1. Loosen clamp screw holding the steel band to which the "Auto-Lite" name plate is attached.

2. Turn the clamp so that the opening is in line with the oil cup and slide off, taking care not to damage the gasket under the steel band.

3. With the engine running, move the third (moveable) brush toward the front of the machine to increase the charging rate or back toward the engine to reduce it - checking the ammeter swing until the correct output is obtained. (The output should be regulated to break even with all lighting equipment normally used in operation.) To check the movement of the ammeter, race the engine slightly to obtain the maximum register.

4. If the armature contact at the brushes appears dirty it should be cleaned and polished with No. .00 sandpaper before trying to regulate. (Emery cloth should never be used.)

5. When properly regulated - replace the metal band and gasket and tighten the clamp screw.

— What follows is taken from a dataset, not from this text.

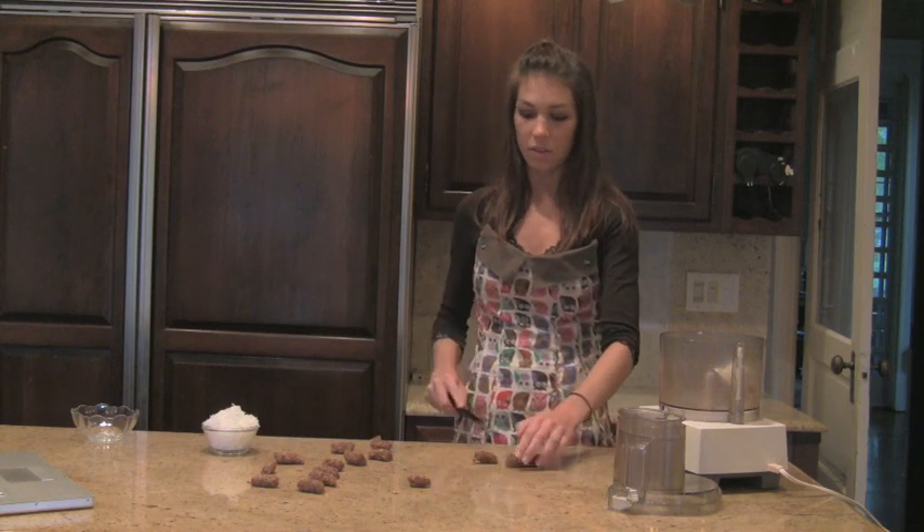And they're a great thing to have in your refrigerator at school. Instead of a chocolate bar, I can eat a bite of this. And it really does take away the craving.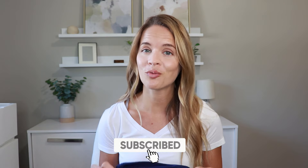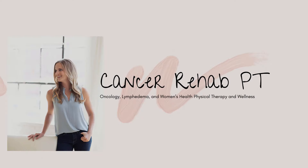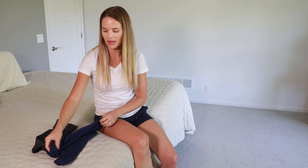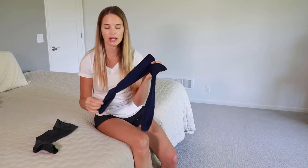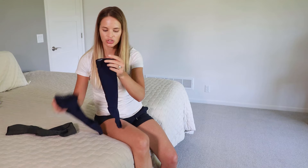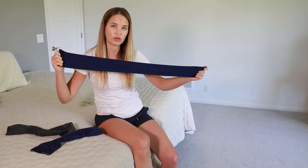But if it's still a struggle to get them on, don't worry because I'm also going to share different tips and tools that you can use. I have basic 20-30 mmHg pressure, which is a medical grade stocking, and I also have a flat knit for those who have more of a custom stocking. The compression stockings are going to be really stretchy.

Removing the Generator From the Machine

Note: - Disconnect battery ground terminal to prevent short.

1. Remove the cover on the left side of the engine over the generator drive.

2. Remove the nut holding the drive sprocket (right-hand thread).

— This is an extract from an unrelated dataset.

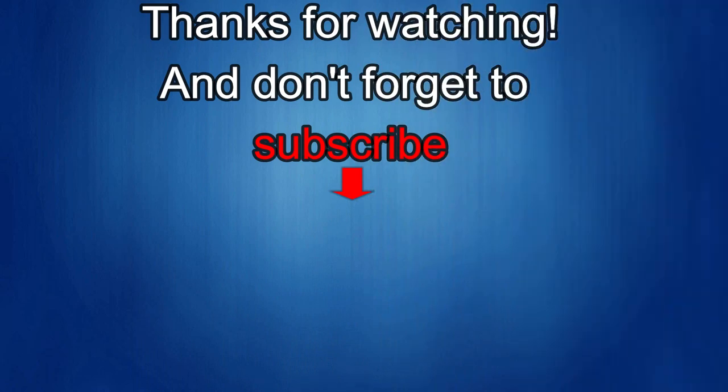Thanks again for watching our review. If you liked it, show us some love with a thumbs up, subscribe to the channel, and share the video with your friends. With your support it really helps me keep the channel going so I can continue to offer you guys discounts, giveaways, and fresh content. I'll see you in the next episode — until then, take care.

3. Remove the sprocket and key.

4. Disconnect the wire leading to the circuit breaker on the right side of the generator.

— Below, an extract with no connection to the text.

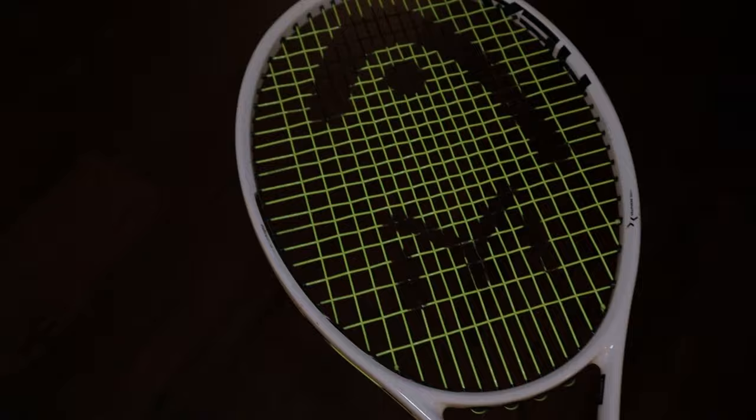Vibroshocks — these reduce vibration. Some players use them, some don't. I do. End of story. Stencil ink — this one is to make our rackets look pro, and it leaks sometimes, so be careful.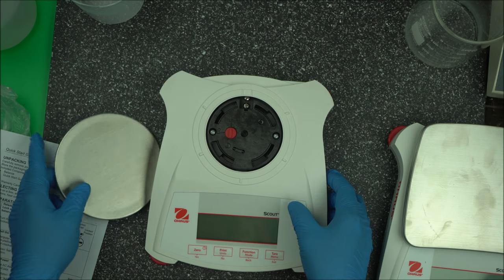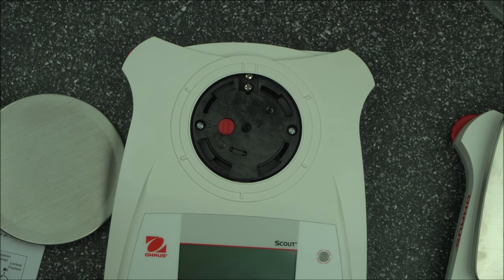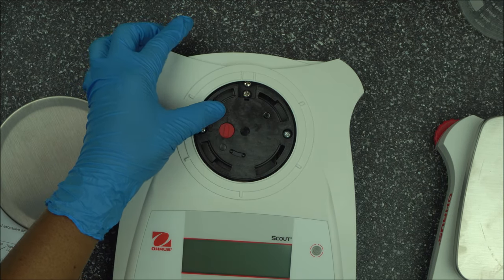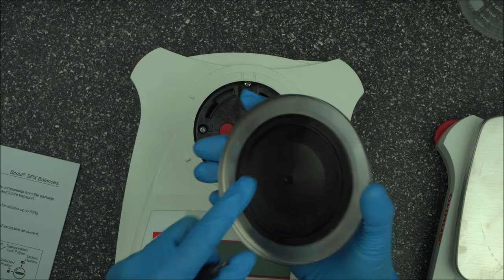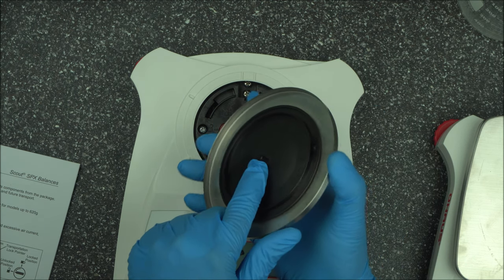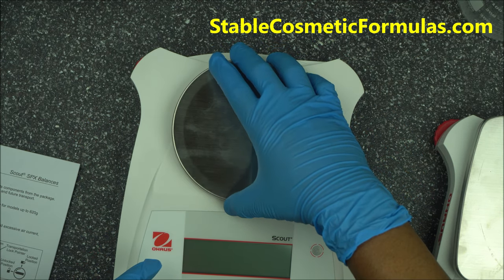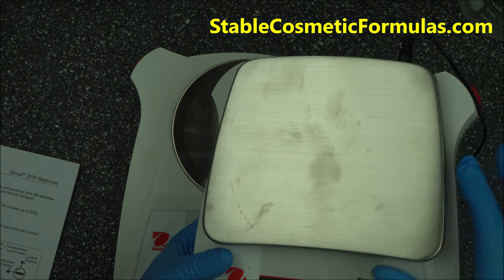The first thing you want to do is turn this knob — let me zoom in so you can see. Right now it's in the locked position. Turn the red arrow to the unlocked position. Then take the round pan and plug it in here — it's not going to click, just leave it like that.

5. Loosen the clamp connection under the generator.

6. Remove the nut on the left side of the frame holding the generator to a position where the bolt can be removed from the frame to let the generator drop free.

Disassembly of the Generator

In disassembling the generator, the oil sealing felt washers should be examined and, if found matted or hardened, should be replaced.

Bearings, if loose, worn, pitted or cracked, or if they show signs of being heated, should also be replaced.

Brushes worn short should be replaced.  Both stationary brushes are Auto-Lite GAS 12.  The third or moveable brush is Auto-Lite GAS 13.

Natural wear of the brushes causes carbon dust to collect on the inside of the generator and its accumulation will cause unsatisfactory operation.  It will soon mix with the oil that reaches the interior from the bearings or other sources and form a gummy paste that will coat itself all around the commutator end of the body.  Clean with gasoline and wipe all parts.

The commutator should be free from all oil or dirt.  No. .00 sandpaper should be used in cleaning and should be wiped with a clean rag. (Never use emery cloth or any other cleaning material.) Never put lubricants on the commutator or brushes.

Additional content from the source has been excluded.